### [Records shown]
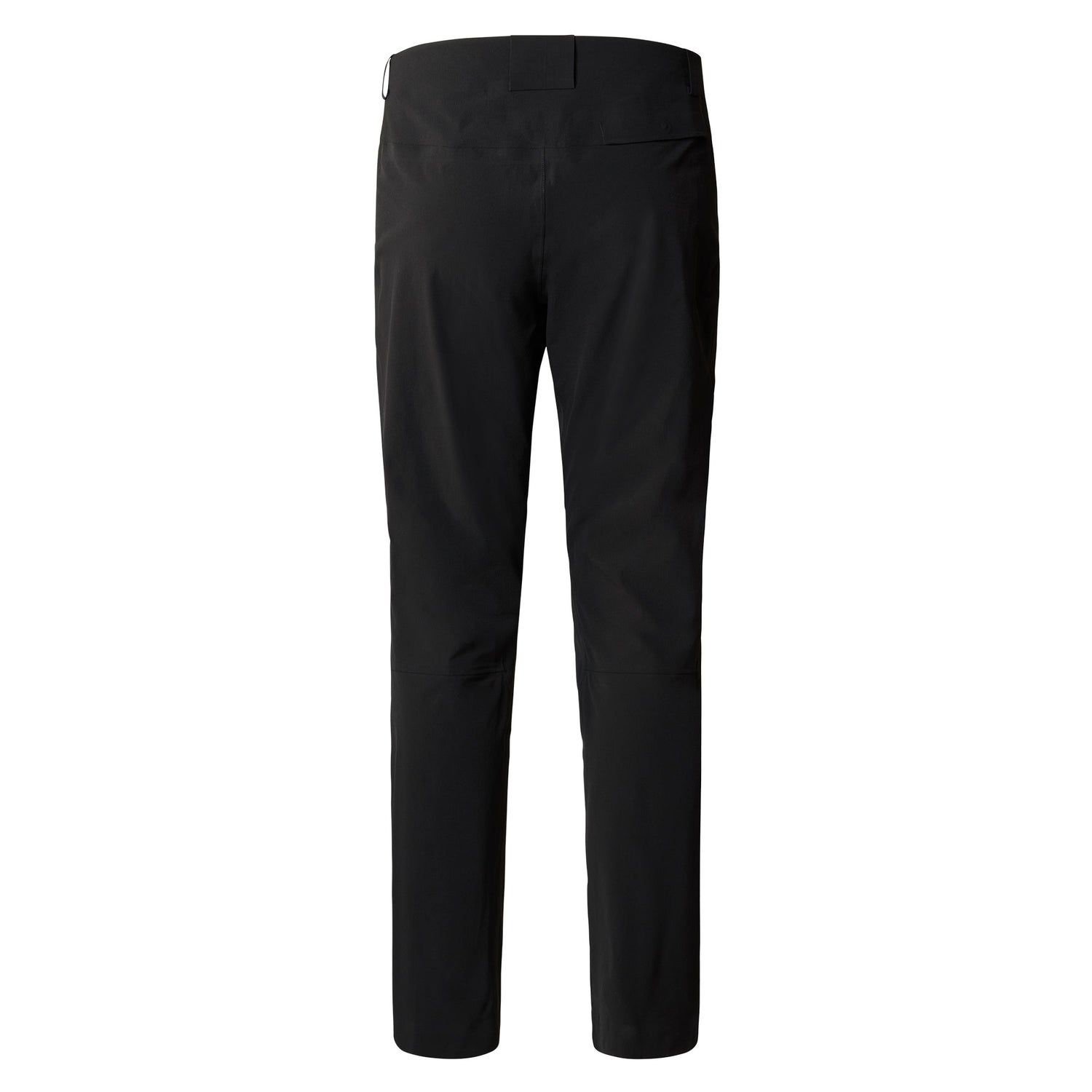 Summit Off Width Pant Womens - TNF Black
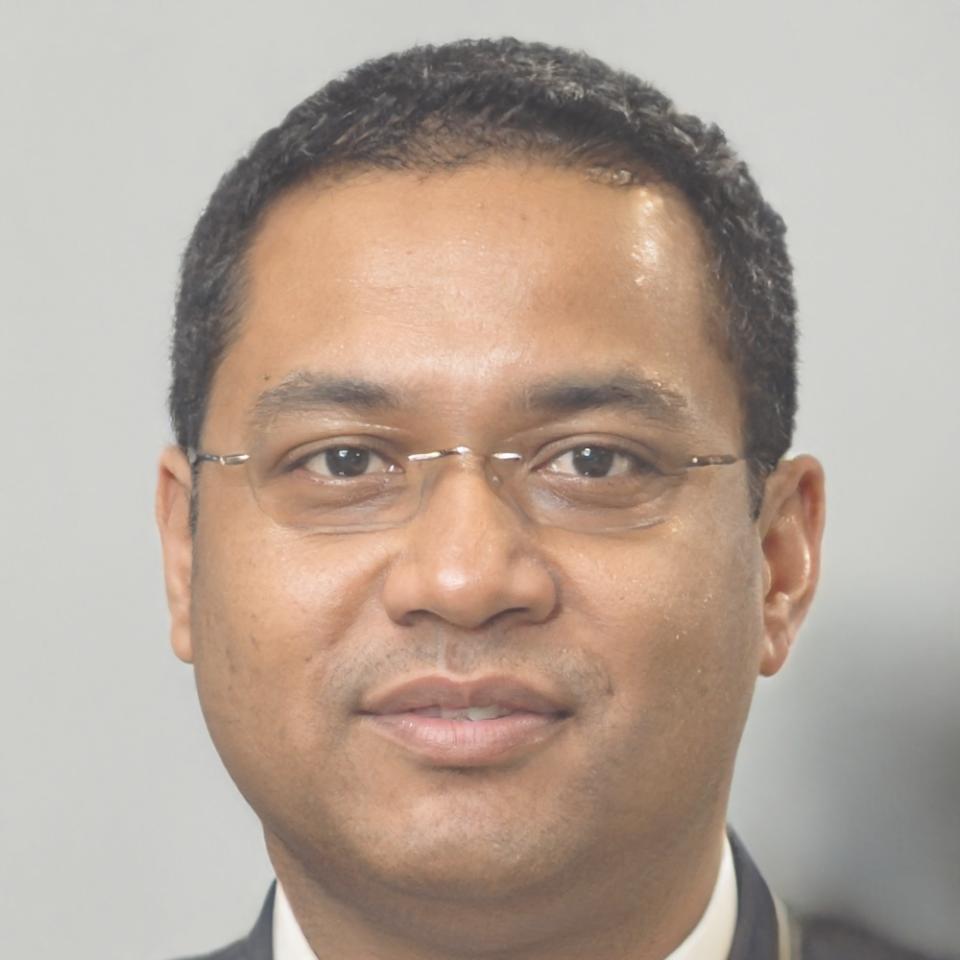 Student testimonial photo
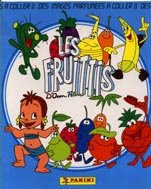 Los Fruitis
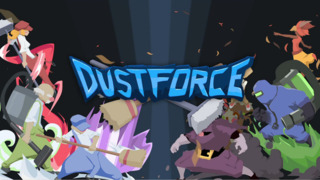 Dustforce Arrives for Xbox 360, PlayStation 3, and PS Vita Today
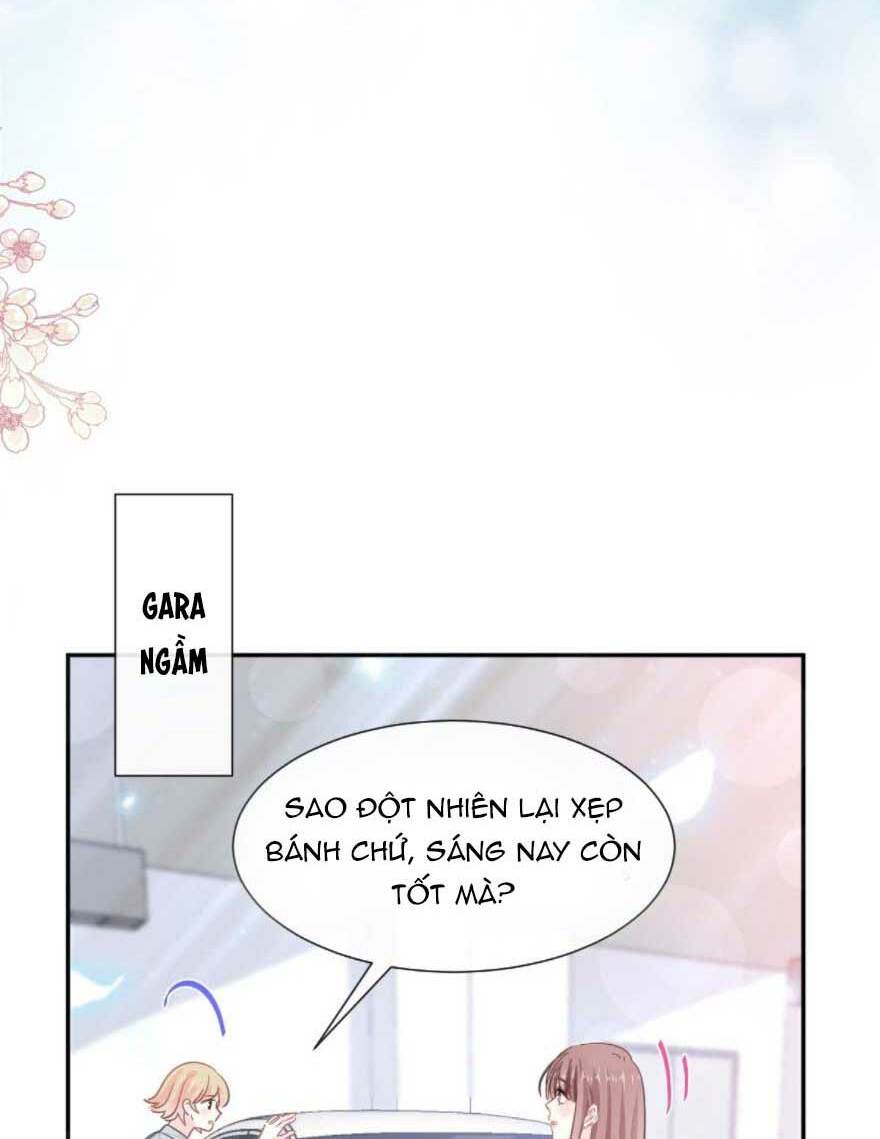 Bá Đạo Tổng Tài Nhẹ Nhàng Yêu Chapter 180.1 - Trang 2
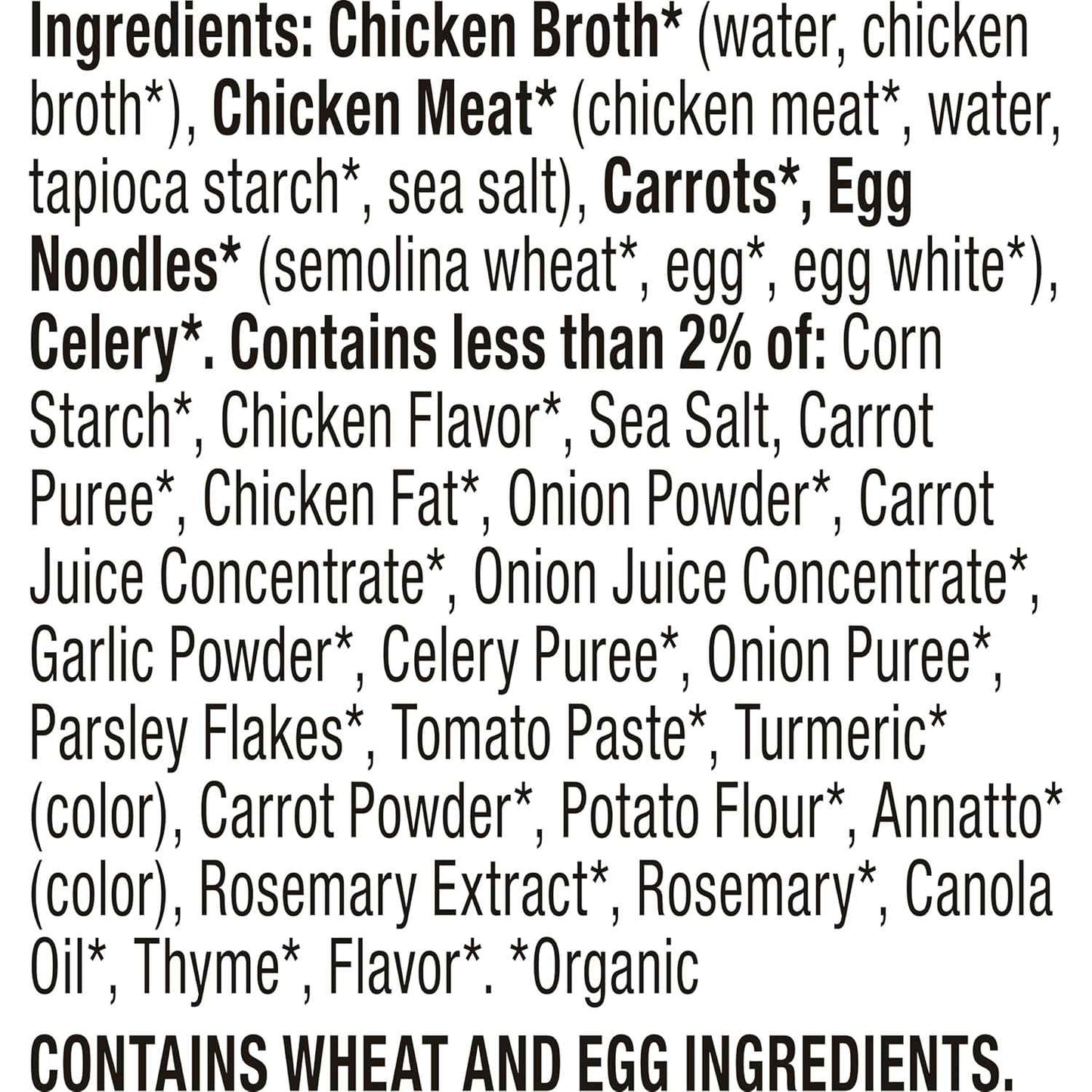 Annie's Creamy Tomato Soup – No Artificial Flavors or Synthetic Colors Pantry Staple, 14.3 oz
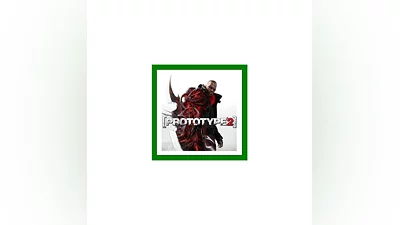 Prototype 2 + Radnet Steam + 25 Игр 0% Карты АКЦИЯ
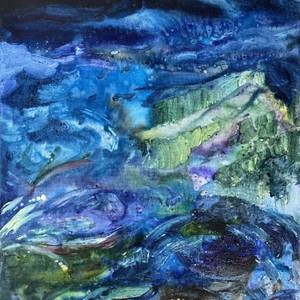 Collection Glastonbury Paintings
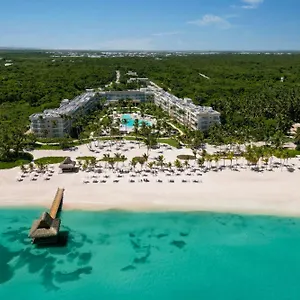 ***** Курортный комплекс The Westin Puntacana Доминиканская Республика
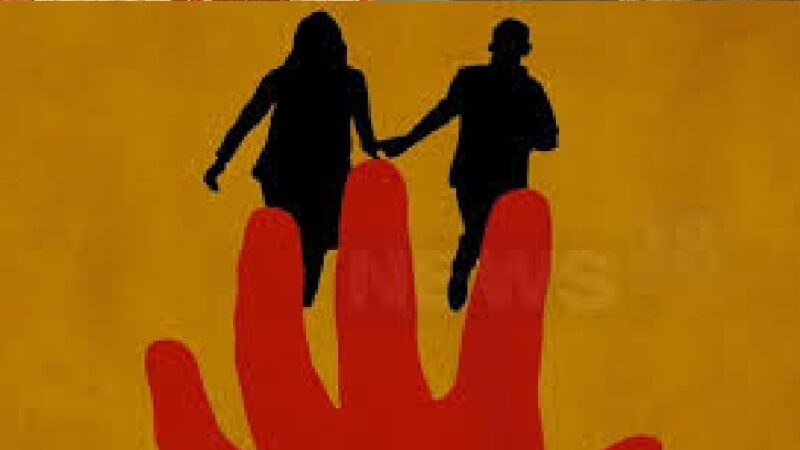 सबक: नाम बदलकर युवती को फंसाया प्रेम जाल में, दुष्कर्म के इरादे से जंगल ले जाते पकड़ा गया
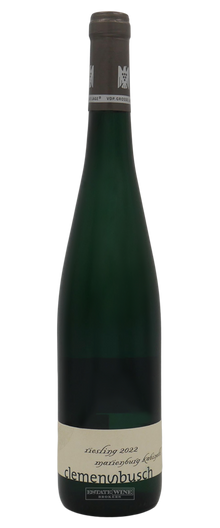 Clemens Busch Riesling Marienburg Kabinet 2022 750ml - 1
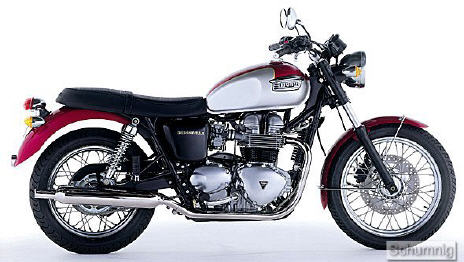 Bonneville Classic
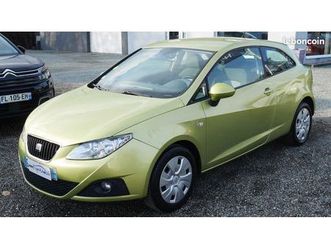 seat ibiza sc 1.4 style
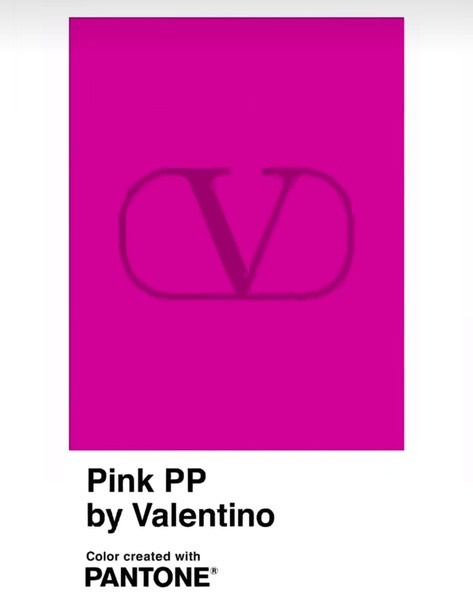 Цвет года. Что это такое???. Фотограф Ирина Богатырева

### [Required work]
Up in the listing, locate the line with "Puntacana Доминиканская Республика"; print it and every line after it down to the line with "Bonneville Classic", which is included too. Skip the pictures.

### [Answer]
 ***** Курортный комплекс The Westin Puntacana Доминиканская Республика
 सबक: नाम बदलकर युवती को फंसाया प्रेम जाल में, दुष्कर्म के इरादे से जंगल ले जाते पकड़ा गया
 Clemens Busch Riesling Marienburg Kabinet 2022 750ml - 1
 Bonneville Classic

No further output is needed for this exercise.